For further information, please contact:

James Beecher Company Secretary U.S. Masters Limited Phone:+61 2 8314 5580

Annexure A

Key terms of the Proposed Transactions

The key terms of the Proposed Transactions are as follows:

1.1 Key terms of Share Sale Deed

The key terms of the Share Sale Deed are as follows:

  • (a) ( Conditions Precedent ): completion of the acquisition is subject to and conditional upon a number of conditions precedent, including:

  • (i) USH holding a meeting of USH shareholders to obtain all approvals under the Corporations Act and the Listing Rules that are required to give effect to the ProposedTransactions contemplated by the Share Sale Deed;

  • (ii) USH receiving conditional approval by ASX to reinstate its securities on the official list of the ASX and those conditions being satisfied to the reasonable satisfaction of USH and Hogans; and

  • (iii) USH undertaking the Capital Raising;

  • (b) ( Consideration ): subject to satisfaction of the Conditions Precedent, at completion, USH will issue to the Hogans Shareholders up to 7,600,000 shares on a pro-rata basis; and

  • (c) ( Exclusivity ): until the earlier of termination of the Share Sale Deed or completion of the Proposed Transactions occurring, none of Hogans, USH or any of their officers or directors will solicit, offer, encourage or respond to any proposals from any third party regarding any acquisition of their issued share capital or a competing transaction or alternative investment.
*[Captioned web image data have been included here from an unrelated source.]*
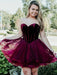 Bridelily A-Line With Ruffles Sweetheart Organza Sleeveless Short/Mini Dresses - Prom Dresses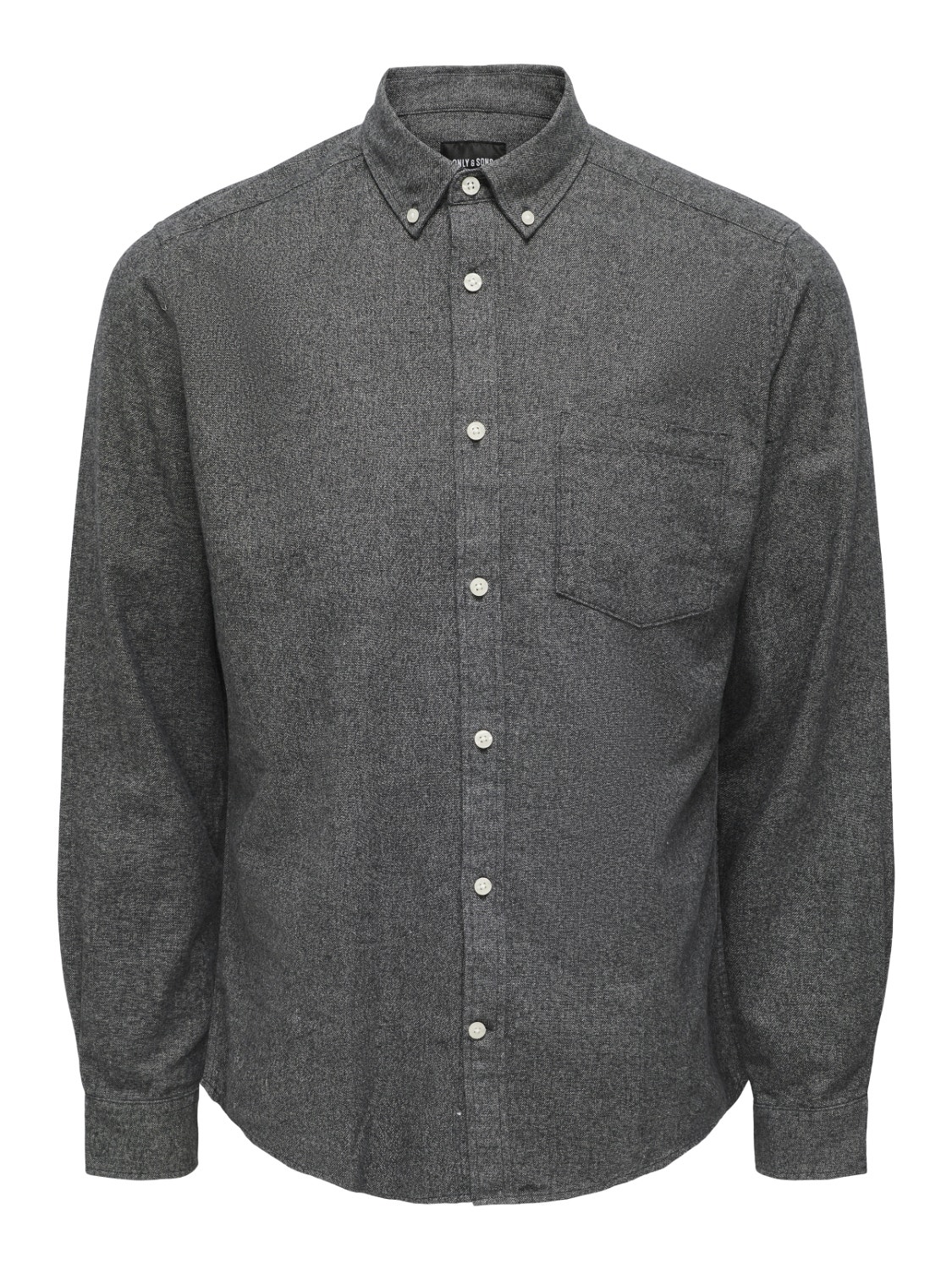 ONLY & SONS Slim Fit Button down-krage Skjorta -Black - 22019878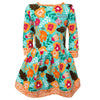AnnLoren Little & Big Girls Boutique Autumn Leaves Floral Cotton Long Sleeve Dress - Lil FashionAva 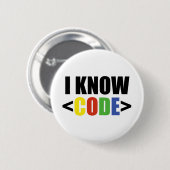 Ik Ken CODE Funny programmeur Coder Ontwikkelaar Ronde Button 5,7 Cm (Voorkant /achterkant)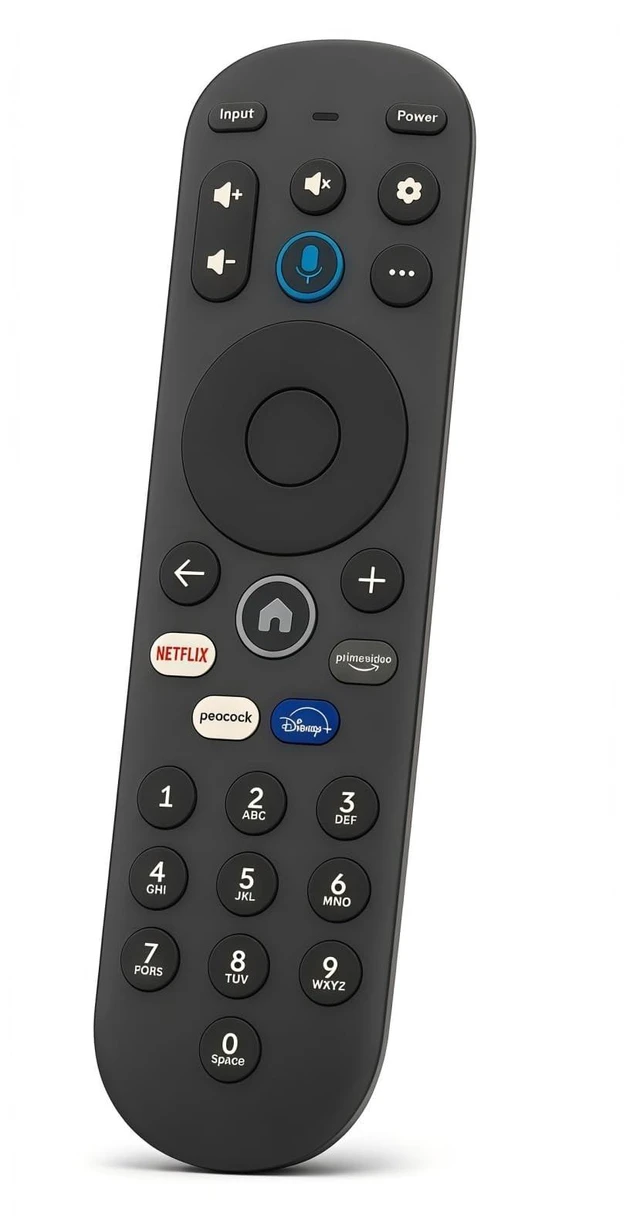 Main image of Voice Replacement Remote Control for Pioneer Xumo TV, Compatible with Element Hisense Smart TVs, CP-RC1NA-23 PN43-751-24U PN50-751-24U PN55-751-24U PN65-751-24U, Voice Search, 4 Shortcut Buttons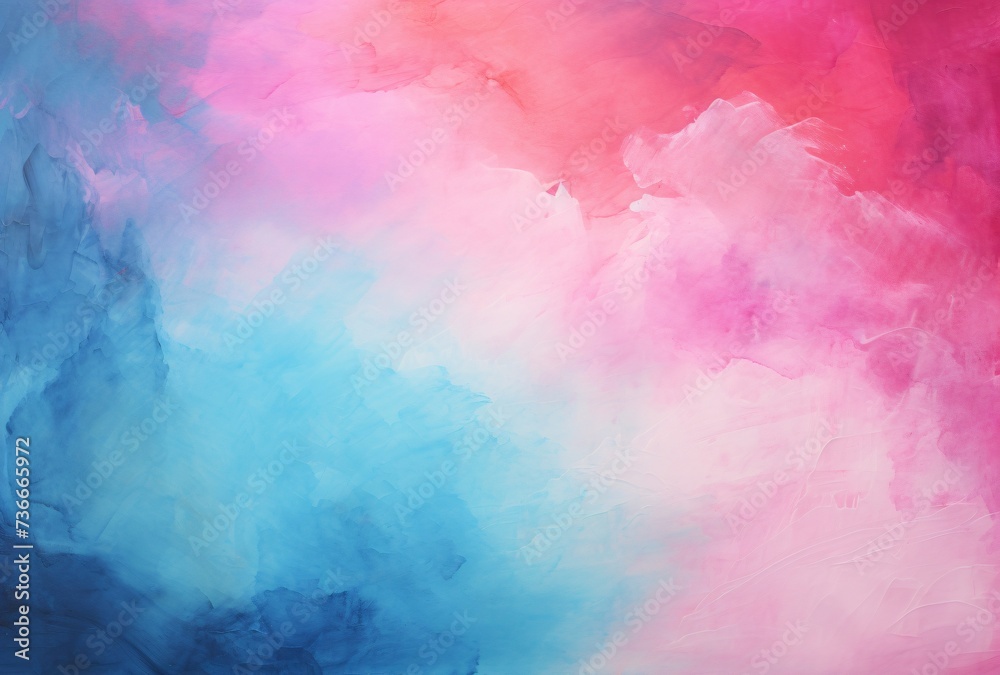 a blue and pink watercolor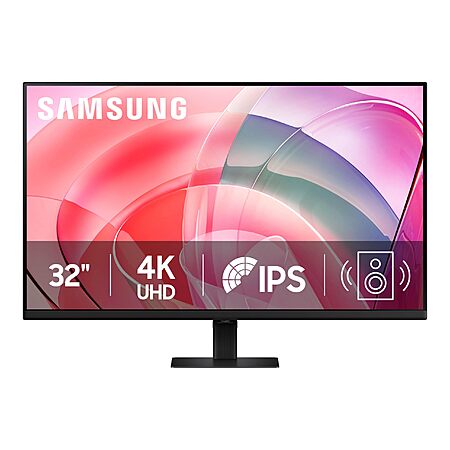 Samsung 32" ViewFinity S7 (S70D) 4K UHD IPS HDR10 High Resolution Monitor with Speakers(LS32D708EBNXGO) $299.99 + Free Shipping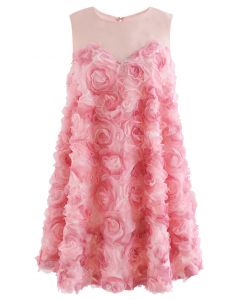 Robe Dolly sans manches 3D Pinky Rose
The Share Sale Deed otherwise contains clauses typical for agreements of this nature.

1.2 Key terms of the Tenement Sale Agreement

The key terms of the Tenement Sale Agreement are as follows:

  • (a) ( Conditions Precedent ): completion of the acquisition is subject to and conditional upon a number of conditions precedent, including:

  • (i) USH receiving conditional approval by ASX to reinstate its securities and those conditions being satisfied to the reasonable satisfaction of USH and MZM;

  • (ii) USH undertaking the Capital Raising;

  • (iii) USH holding a meeting of USH shareholders to obtain all approvals under the Corporations Act and the Listing Rules that are required to give effect to the tenement sale agreement;

  • (iv) completion of the acquisition of Hogans;

  • (v) signing of a native title agreement in respect of the tenement;

  • (vi) granting of E15/1447; and

  • (vii) receipt of the consent of the Minister for Mines to the transfer of the tenement;

  • (b) ( Consideration ): subject to satisfaction of the Conditions Precedent, at completion, USH will issue up to4,200,000 sharesto MZM; and

  • (c) ( Exclusivity): until the earlier of termination of the Tenement Sale Agreement or completion of the Proposed Transactions occurring, none of MZM, USH or any of their officers or directors will solicit, offer, encourage or respond to any proposals from any third party regarding any acquisition of their issued share capital or a competing transaction or alternative investment.

The Tenement Sale Agreement otherwise contains clauses typical for agreements of this nature.